Balfour shares these biographical details with shoulder-shrugging equanimity. They’ve all contributed to what he has become today: a highly sought-after composer who fuses classical-music tradition with Indigenous texts and themes to create works that range from shimmering soundscapes to unsettling sociopolitical commentary. One of his most arresting works, Take the Indian, features snippets of testimony from hearings conducted by the Truth and Reconciliation Commission of Canada: “They took away my heritage, they talked of paradise with a whip, they came to me at night.” For a performance staged by Camerata Nova, the Winnipeg-based chamber choir that Balfour founded in 1996, the sopranos who sang those lines dressed in residential-school uniforms, while the tenors and basses wore black priests’ cassocks.
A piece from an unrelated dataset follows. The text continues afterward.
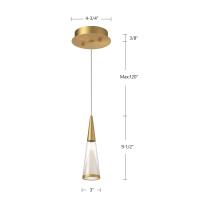 LED Pendant by Kuzco Lighting - Malabar Collection, Brushed Gold Finish - 402401BG-LED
Toronto’s Tafelmusik and Mendelssohn choirs and the buzzy New York-based experimental ensemble Roomful of Teeth have all commissioned pieces from Balfour, and close to 20 groups across the country have performed his first published work, Ambe. The five-minute piece builds around a driving, rhythmic bass line that echoes the sound of a ceremonial drum – or, as Balfour has said, the heartbeat of Mother Earth – and projects a message of unity for all “two-legged beings.” The text is in Ojibway, and its energetic, welcoming message “seems to be something that people want to hear right now,” Balfour says.

It’s a far cry from Handel’s “Hallelujah” chorus and the rest of the Western canon that dominates choral programming in North America. And for Canadian choir directors, that may be what’s most exciting about Balfour’s work. He’s drawing on his First Nations identity to nudge the Canadian classical-music scene out of its stodgy Eurocentric traditions.